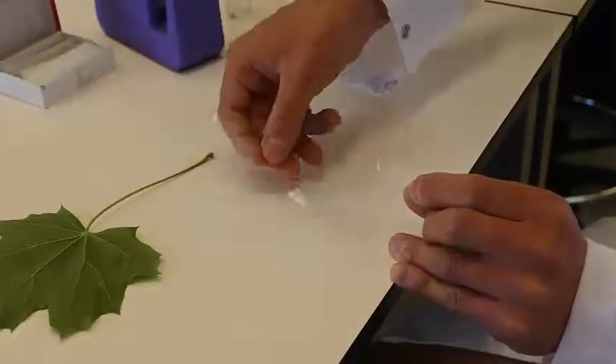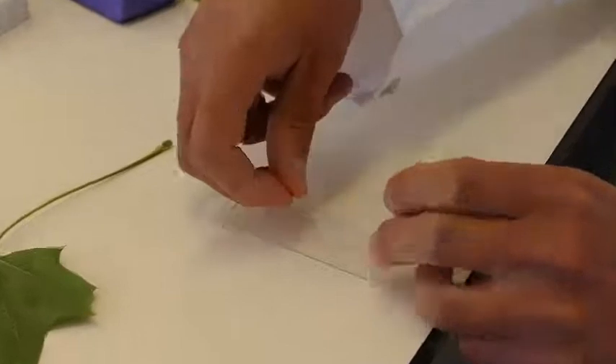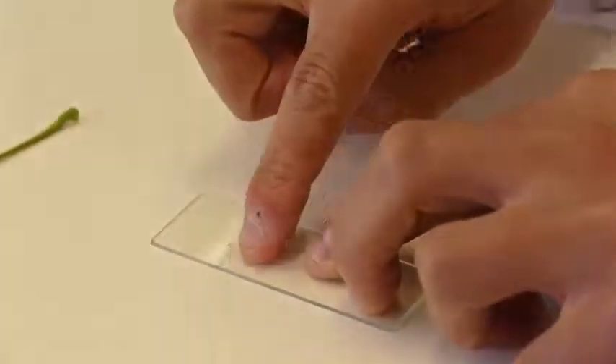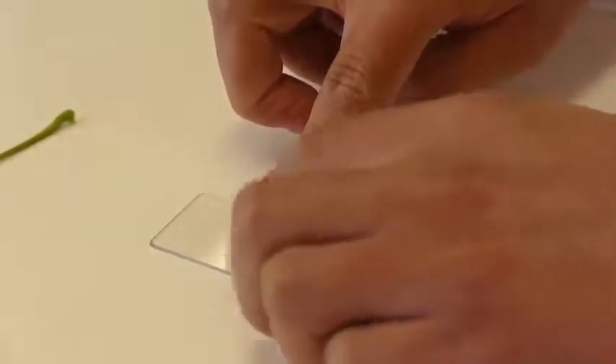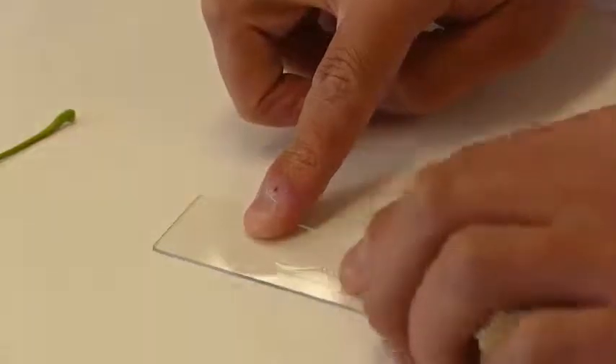Take a glass slide and place the nail polish and sticky tape onto the slide. Gently press down, again trying to avoid air bubbles, because that makes it harder to see through the microscope.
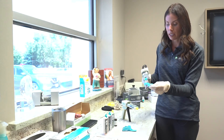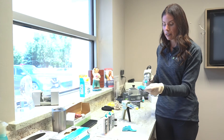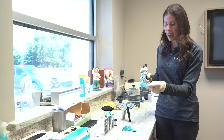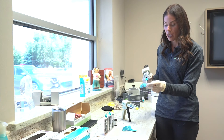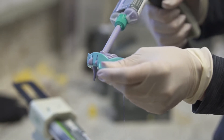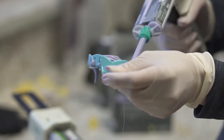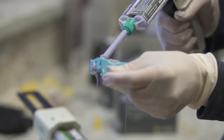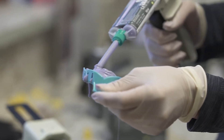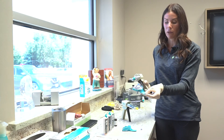The most common error is removing the tip from the tray material — that is a no-no. The reason is that air gets inside the impression material through that syringe, and that's when you'll see voids, because air has been introduced. You always want to keep that tip submerged inside the material and never pull it out.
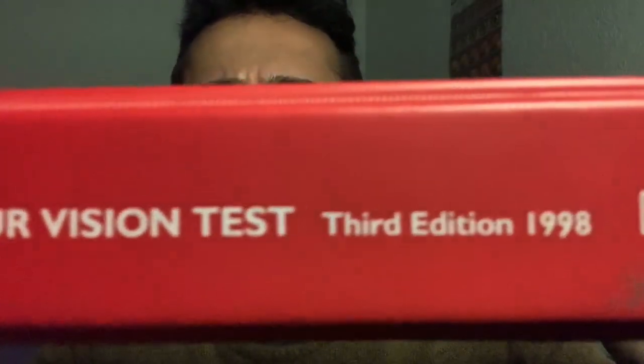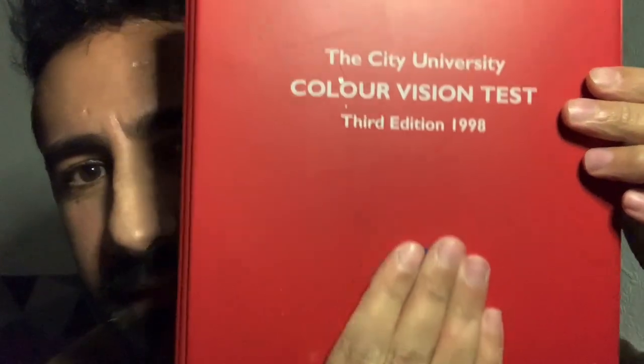The City University colour vision test, housed in this protective binder, is easily identifiable in any optometric practice. It consists of two parts.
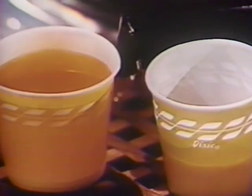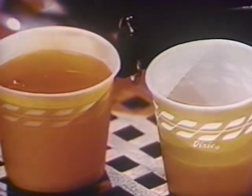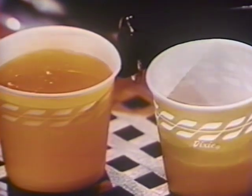And it keeps beautifully. You can fry with this, you can butter vegetables with this one. And don't forget — in Dixie cups.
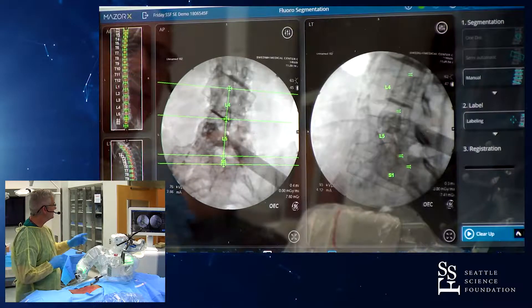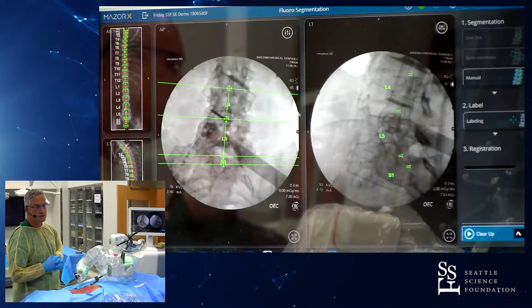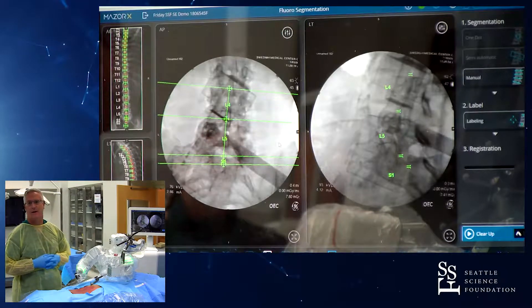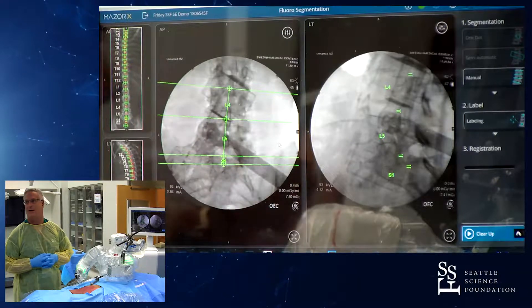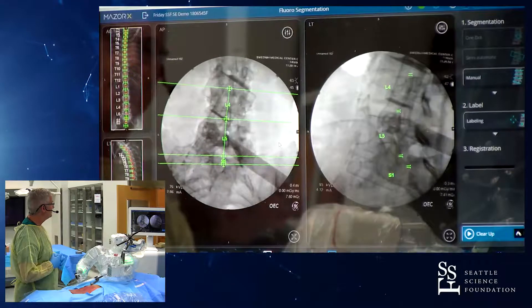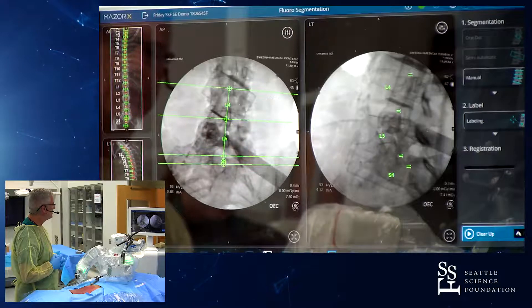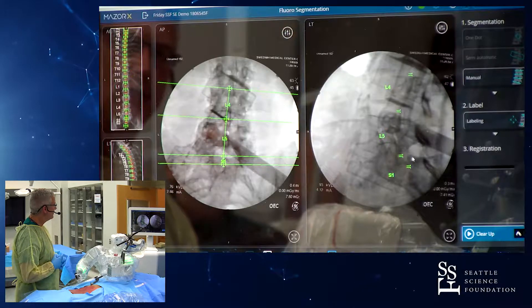We've done segmental registration — you can see this on the screen. This provides us with a powerful tool and flexibility so that we can work at each individual level. Here we have the segmental registration and you can see L4, L5, and S1. We've defined the posterior aspect of the vertebral bodies, and on the lateral we will mark out the spinal canal.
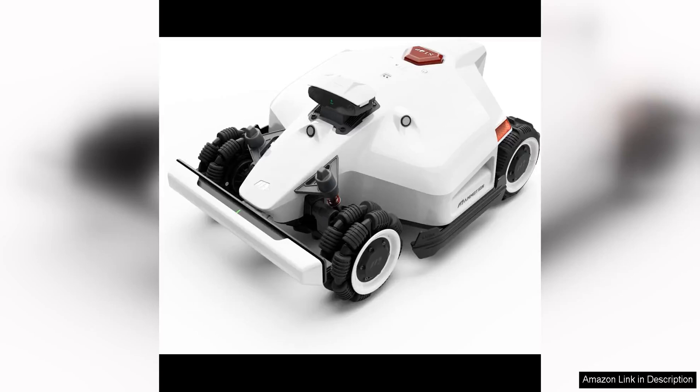The LUBA 2 AWD 5000 Robot Lawn Mower is a game changer in the world of lawn care, offering innovative features that set it apart from other robotic mowers on the market.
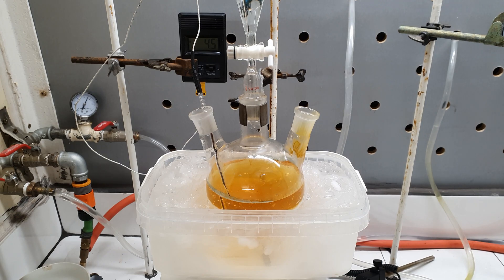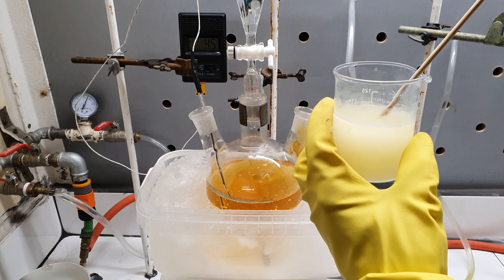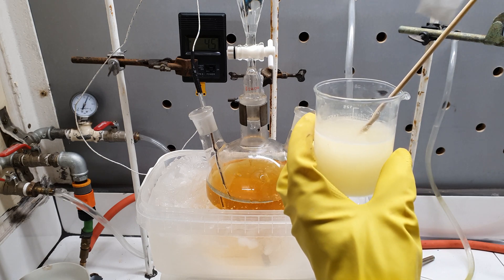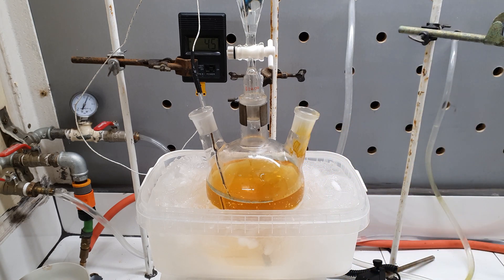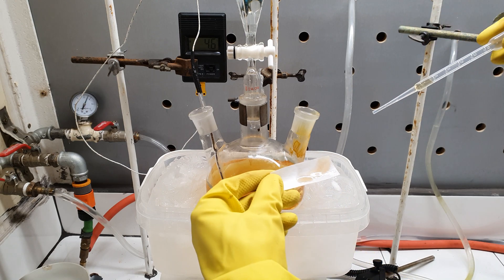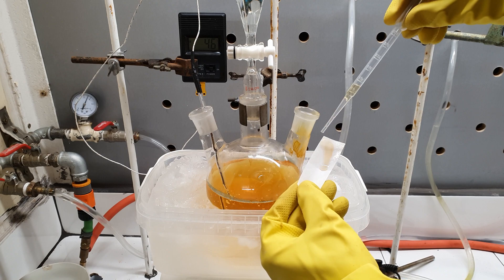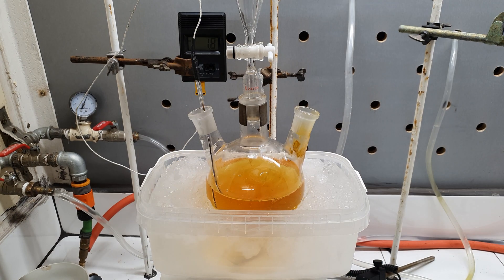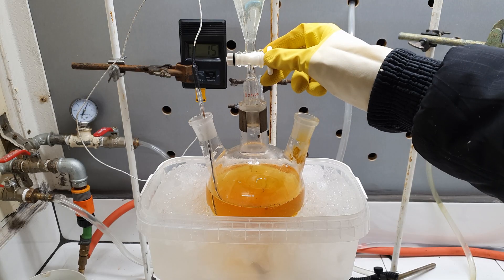A key point when doing a diazotization reaction is to know when you've added enough nitrite. One way to test this is to use a paper soaked in potassium iodide and starch solution — if there is any excess nitrite in the solution, the paper should turn blue. I had never done this test before and I somehow managed to screw it up. I forgot to add the iodide, so I tested it, it wasn't blue, so I added more nitrite. Then I tested it again — still not blue — so I added even more nitrite, and for a moment I even thought my stoichiometry was wrong and made even more sodium nitrite solution and started adding it.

_The problem_
Everything in the data above gets copied exactly. Only the pictures are skipped.

_Answer space_
Take a glass slide and place the nail polish and sticky tape onto the slide. Gently press down, again trying to avoid air bubbles, because that makes it harder to see through the microscope.
The most common error is removing the tip from the tray material — that is a no-no. The reason is that air gets inside the impression material through that syringe, and that's when you'll see voids, because air has been introduced. You always want to keep that tip submerged inside the material and never pull it out.
The City University colour vision test, housed in this protective binder, is easily identifiable in any optometric practice. It consists of two parts.
And it keeps beautifully. You can fry with this, you can butter vegetables with this one. And don't forget — in Dixie cups.
We've done segmental registration — you can see this on the screen. This provides us with a powerful tool and flexibility so that we can work at each individual level. Here we have the segmental registration and you can see L4, L5, and S1. We've defined the posterior aspect of the vertebral bodies, and on the lateral we will mark out the spinal canal.
The LUBA 2 AWD 5000 Robot Lawn Mower is a game changer in the world of lawn care, offering innovative features that set it apart from other robotic mowers on the market.
A key point when doing a diazotization reaction is to know when you've added enough nitrite. One way to test this is to use a paper soaked in potassium iodide and starch solution — if there is any excess nitrite in the solution, the paper should turn blue. I had never done this test before and I somehow managed to screw it up. I forgot to add the iodide, so I tested it, it wasn't blue, so I added more nitrite. Then I tested it again — still not blue — so I added even more nitrite, and for a moment I even thought my stoichiometry was wrong and made even more sodium nitrite solution and started adding it.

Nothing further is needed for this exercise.